But Scotland is not independent, and is not in control of its economy. So is this alleged “black hole” (deficit is what they mean) caused by Westminster mismanagement, or is it a mirage? We know that the Scottish Government has always run a balanced budget, has limited borrowing powers, and therefore no debt. The UK deficit is £69 billion – is Scotland’s “black hole” just its share of UK mismanagement of the economy?
So where does the “black hole” come from? In 1992, to combat the SNP, the then Tory Government dreamed up GERS (Government Expenditure and Revenue Scotland) to prove that Scotland did not pay its way. This amalgam of estimates and guesstimates has continued ever since, and was published by the Lib/Lab Executive after devolution, although the figures largely come from the UK Treasury and Office for National Statistics. When the SNP came to power in 2007, oil and gas revenues were added to Scottish revenue, and Scotland looked good, with positive revenue over expenditure until 2014 and the oil price fall. This fall affected Norway too, but revenues there are still 170 times Scotland’s on twice the amount of oil extracted – which makes a strong case that the oil wealth is still being badly mismanaged today.
In GERS 2018:
- Scotland raised in revenue (including oil and gas) £60 billion
- Total expenditure attributed to Scotland was £73.4 billion, hence the infamous £13.4 billion deficit.
- Scotland is charged £14.8 bn (38%) out of the UK £39.4 bn deficit – it should only be £3.3 bn (8.3%). Scotland is over-charged £11.5 bn – and the headline deficit should only be £1.9 bn.
- HM Treasury (in a document separate from GERS) shows the amount of money actually allocated to Scotland for spending in Scotland is £56.6 billion. Thus Scotland should be in surplus by £3.4 bn.
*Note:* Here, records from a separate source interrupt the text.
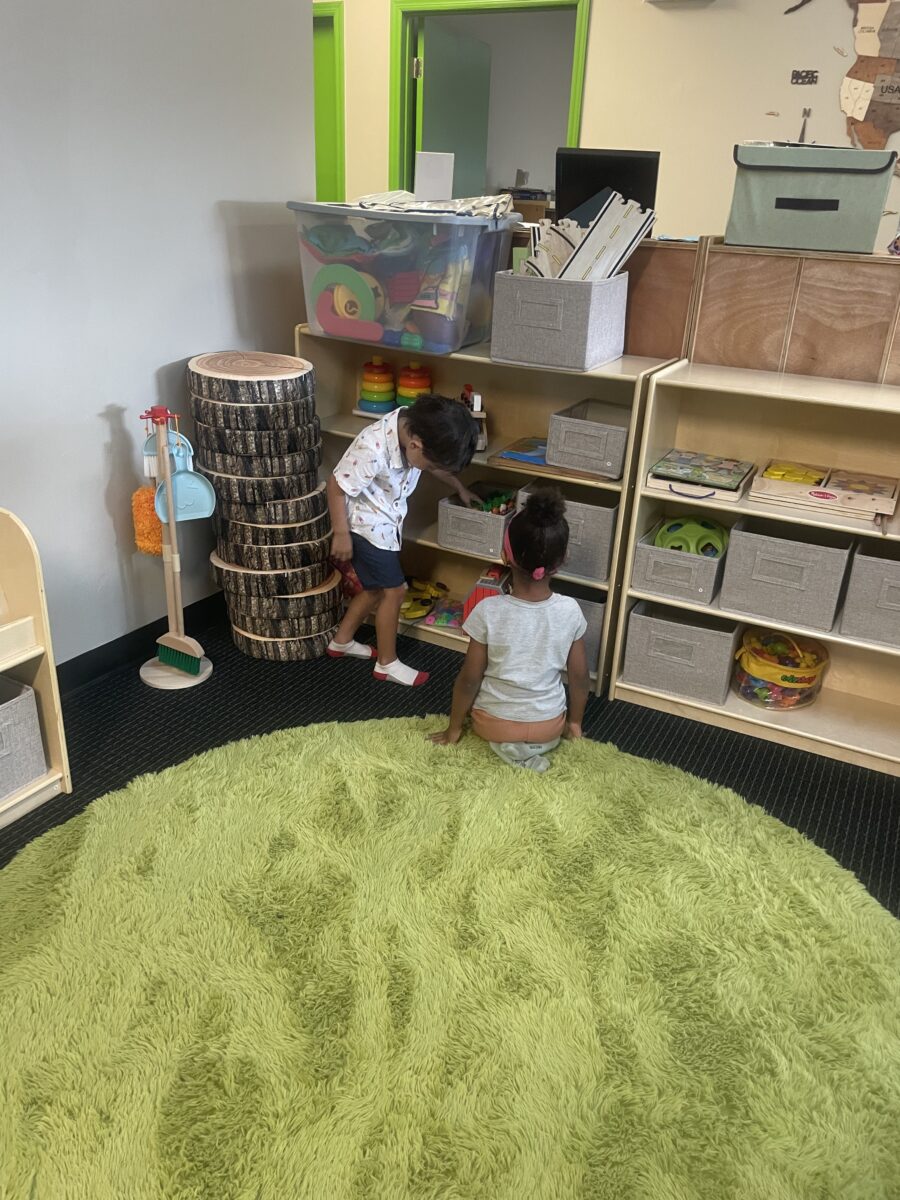 Two children are playing in a room with green carpet.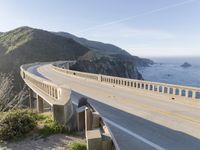 a highway with a sea view below a stone bridge near the ocean and some rocks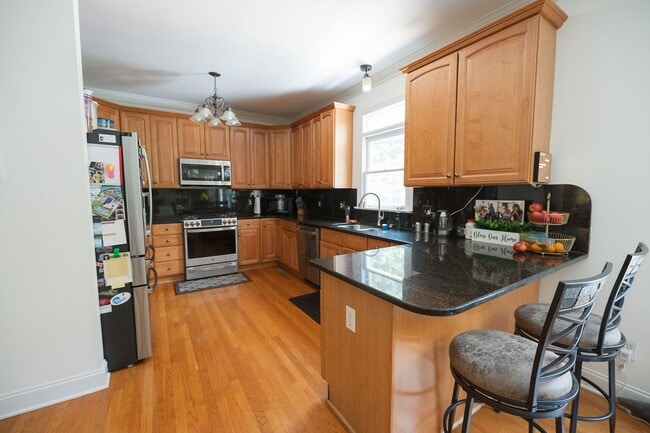 Building Photo - Spacious & Striking 3-story brick Executive 4 bedroom 4.5 bathroom home in Oak Ridge NC + Lawn ca...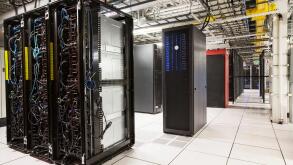 Racks of servers aligned in rows in a large computer server farm.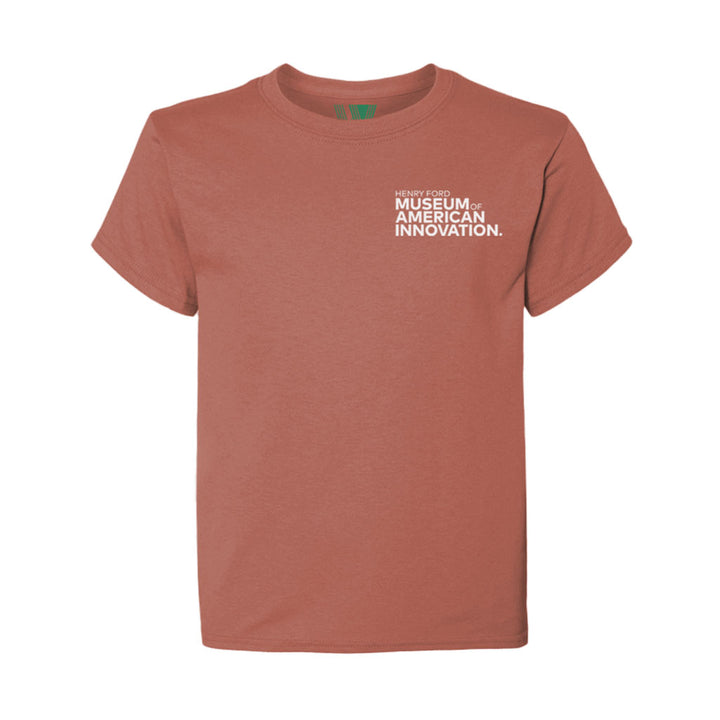 The Henry Ford Museum Building Clocktower Youth T-Shirt is a rust-colored organic cotton tee with white text on the upper left chest, displayed on a plain white background.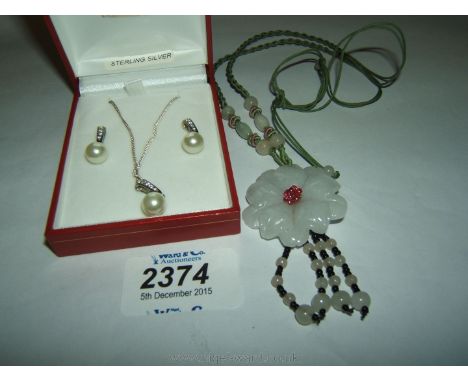 A silver and pearl Necklace and Ear-ring set, and a white Jade Necklace
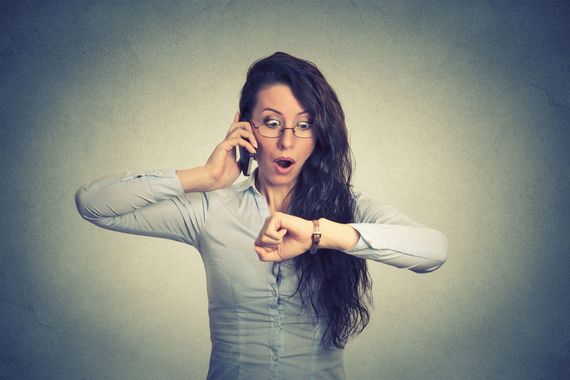 Une employée qui regarde sa montre en parlant au téléphone.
The money not spent in Scotland or by Scotland is essentially a charge for UK functions:- UK Government and parliament including the House of Lords, foreign embassies and services, EU payments, defence (excessive and inappropriate for Scotland), national infrastructure projects (most in London and SE England- Crossrail, HS2 etc) and servicing the UK debt.
- There are many ways these costs can be slashed in an independent Scotland.
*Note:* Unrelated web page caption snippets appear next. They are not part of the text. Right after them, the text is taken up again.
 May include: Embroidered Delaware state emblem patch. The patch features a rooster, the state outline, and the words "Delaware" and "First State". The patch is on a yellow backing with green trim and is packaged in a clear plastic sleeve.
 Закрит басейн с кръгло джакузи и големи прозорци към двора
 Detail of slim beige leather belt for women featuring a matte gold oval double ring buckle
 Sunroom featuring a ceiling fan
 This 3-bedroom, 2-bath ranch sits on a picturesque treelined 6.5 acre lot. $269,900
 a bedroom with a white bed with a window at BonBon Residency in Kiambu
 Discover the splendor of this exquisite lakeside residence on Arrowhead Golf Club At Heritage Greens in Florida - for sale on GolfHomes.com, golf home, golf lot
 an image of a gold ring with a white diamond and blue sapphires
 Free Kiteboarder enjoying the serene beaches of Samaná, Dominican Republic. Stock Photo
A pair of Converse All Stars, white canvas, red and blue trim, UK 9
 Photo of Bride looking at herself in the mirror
- GERS cannot be used as a forecast of how an independent Scotland would run its economy.
- THE £13 BILLION ‘BLACK HOLE’ IS WHOLLY MISLEADING, and intended to be so.
Scotland, as an independent country, has no debt, and huge economic potential.
Scotland, as a normal independent country, would have the option of borrowing and running a deficit.
The people of Scotland, and their Scottish Government, will decide our future economic policy.